PROVIDED RECORDS ::
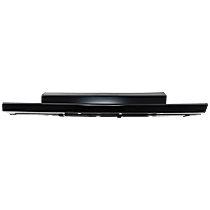 Standard Cab Pickup Front, Passenger Side, Outer Rocker Panel
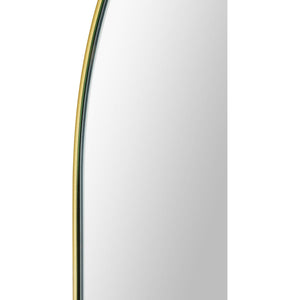 Beckah - available in various shapes, sizes, and frame styles | Image 3 | InSTYLE Home & Rugs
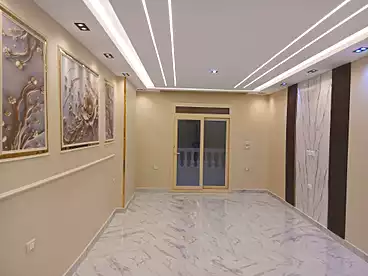شقق للإيجار في المريوطية، فيصل، 160 متر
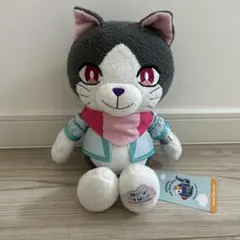 ソーニャ　USJ ぬいぐるみ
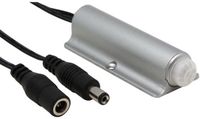 ABC-LED PIR sensor voor led strips - 12 tot 24V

ASSIGNED TASK ::
Return each entry exactly as it stands above, apart from any images.

EXERCISE RESULT ::
 Standard Cab Pickup Front, Passenger Side, Outer Rocker Panel
 Beckah - available in various shapes, sizes, and frame styles | Image 3 | InSTYLE Home & Rugs
شقق للإيجار في المريوطية، فيصل، 160 متر
 ソーニャ　USJ ぬいぐるみ
 ABC-LED PIR sensor voor led strips - 12 tot 24V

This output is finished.